Sample any random variable a bunch (“k”) of times:
k <- 10000
X <- runif(k)
Sum it several (“n”) of times
n <- 10
Y <- rep(0, k)
for(i in 1:n) Y <- Y + runif(k)
Plot the histogram and qqplot:
par(mfrow=c(1,2))
hist(Y, col="grey")
qqnorm(Y)
Summary statistics:
c(mean(Y), var(Y))
## [1] 5.0048671 0.8240065
Compare to theoretical prediction
c(n * 0.5, n * 1/12)
## [1] 5.0000000 0.8333333
Write a function that sums random draws from the standard uniform distribution, sums them “n” times, and plots the histogram and qqnorm plot.
Note that we can pass a function as an argument in R:
CLT <- function(FUN, n, k=1000){
Y <- rep(0,k)
for(i in 1:n) Y <- Y + FUN(k)
hist(Y, col="grey")
qqnorm(Y); qqline(Y, col=2)
}
par(mfrow=c(2,4))
CLT(runif,1)
CLT(runif,2)
CLT(runif,5)
CLT(runif,10)
It works for other functions as well:
par(mfrow=c(3,4))
CLT(rexp,1)
CLT(rexp,2)
CLT(rexp,4)
CLT(rexp,10)
CLT(rexp,100)
CLT(rnorm,10)
Modify this function so that it also draws the normal approximation to the distribution of the sums.
Note that this function falls apart quickly when we need more parameters!
CLT(rgeom,10)
## Error in FUN(k): argument "prob" is missing, with no default
CLT(rgamma,10)
## Error in FUN(k): argument "shape" is missing, with no default
CLT(rbinom,10)
## Error in FUN(k): argument "size" is missing, with no default
All of the preceding distributions require at least 2 parameters, with no available defaults.

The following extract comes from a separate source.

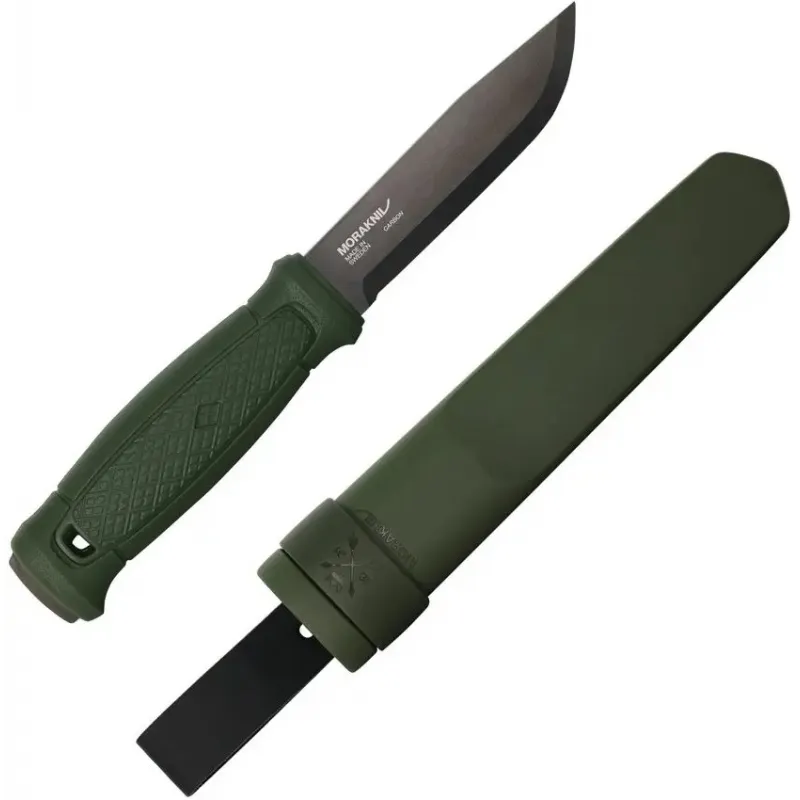 Morakniv Garberg Green - 4.3" Carbon Steel Black Blade Green Handle and Sheath Cyclaire Knives and Tools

The solution for ultimate flexibility is a unique R
feature … “…” (the ellipsis)
CLT <- function(FUN, n, k=1000, ...)
{
Y <- rep(0, k)
for(i in 1:n)
Y <- Y + FUN(k, ...)
hist(Y, col="grey")
qqnorm(Y); qqline(Y, col=2)
}
This extremely convenient feature allows you to add pass other arguments in your handcrafted function automatically to a selected function internally. It is treated like any other argument.

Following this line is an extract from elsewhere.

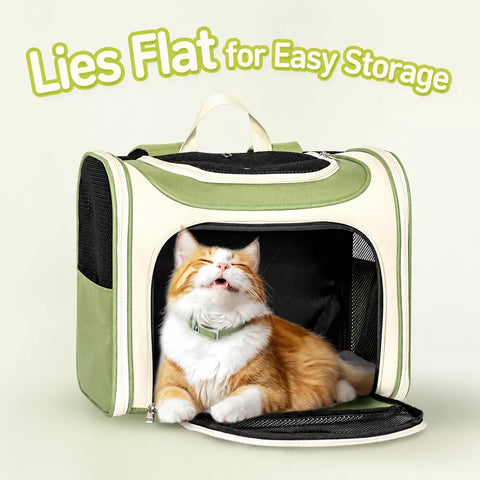Canvas Pet Carrier Backpack for Cats and Dogs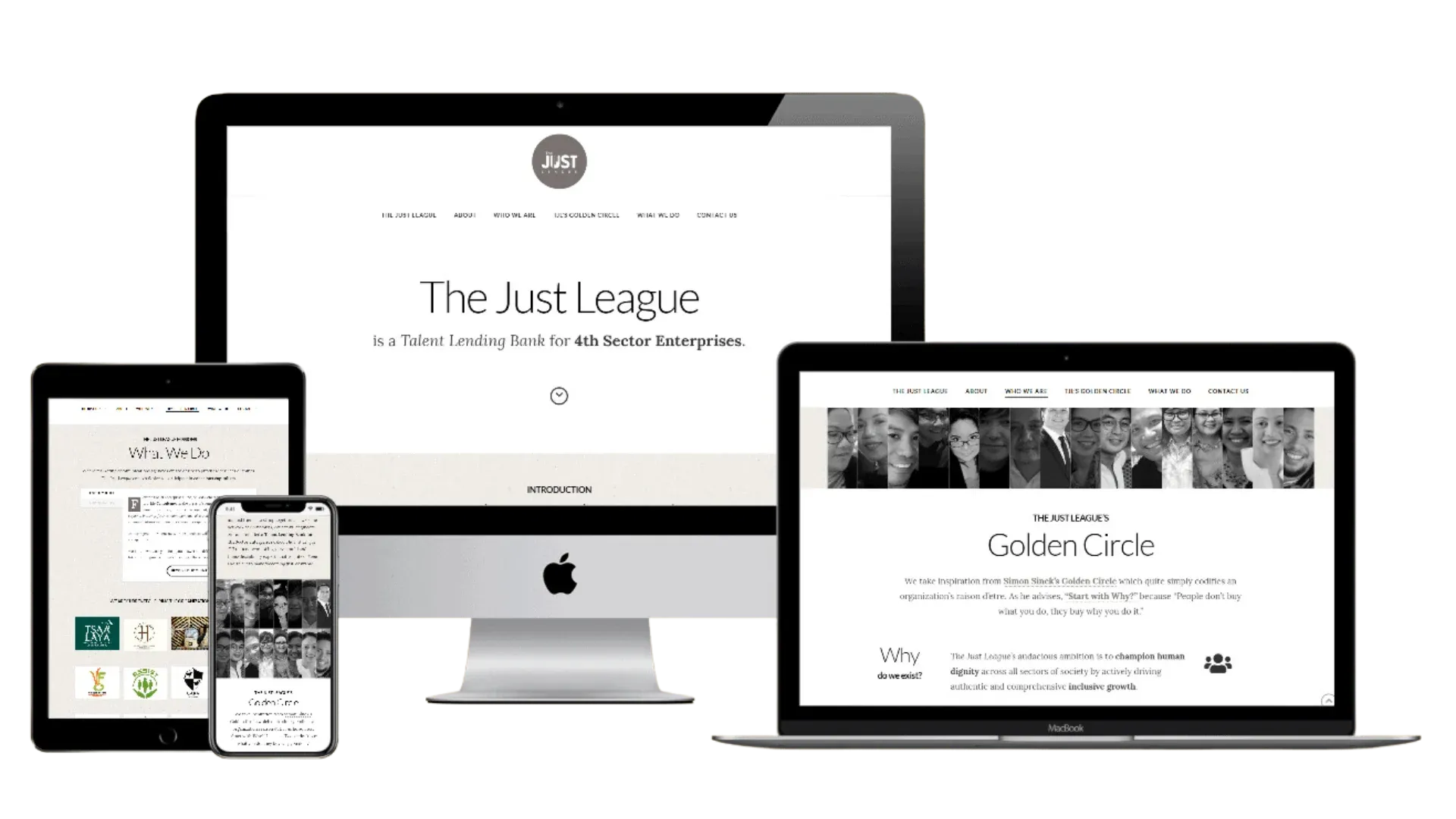 The Just League website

CLT(rbinom, n=1, size=200, prob=0.1)
CLT(rgamma, n=10, shape=2)
CLT(rbinom, n=1, size=200, prob=0.1)
Show (using this function) that the sum of “n” Bernoulli’s is equivalent to a single Binomial(size = n), and that the sum of “n” exponentials is equivalent to a single Gamma(shape = n).
Thus:
CLT(rgamma, n=1, shape=2)
Compare with:
CLT(rexp, n=2)
We can smilarly compare a bunch of Bernoulli’s
CLT(rbinom, n=30, size=1, p=0.2)
to a single binomial
CLT(rbinom, n=1, size=30, p=0.2)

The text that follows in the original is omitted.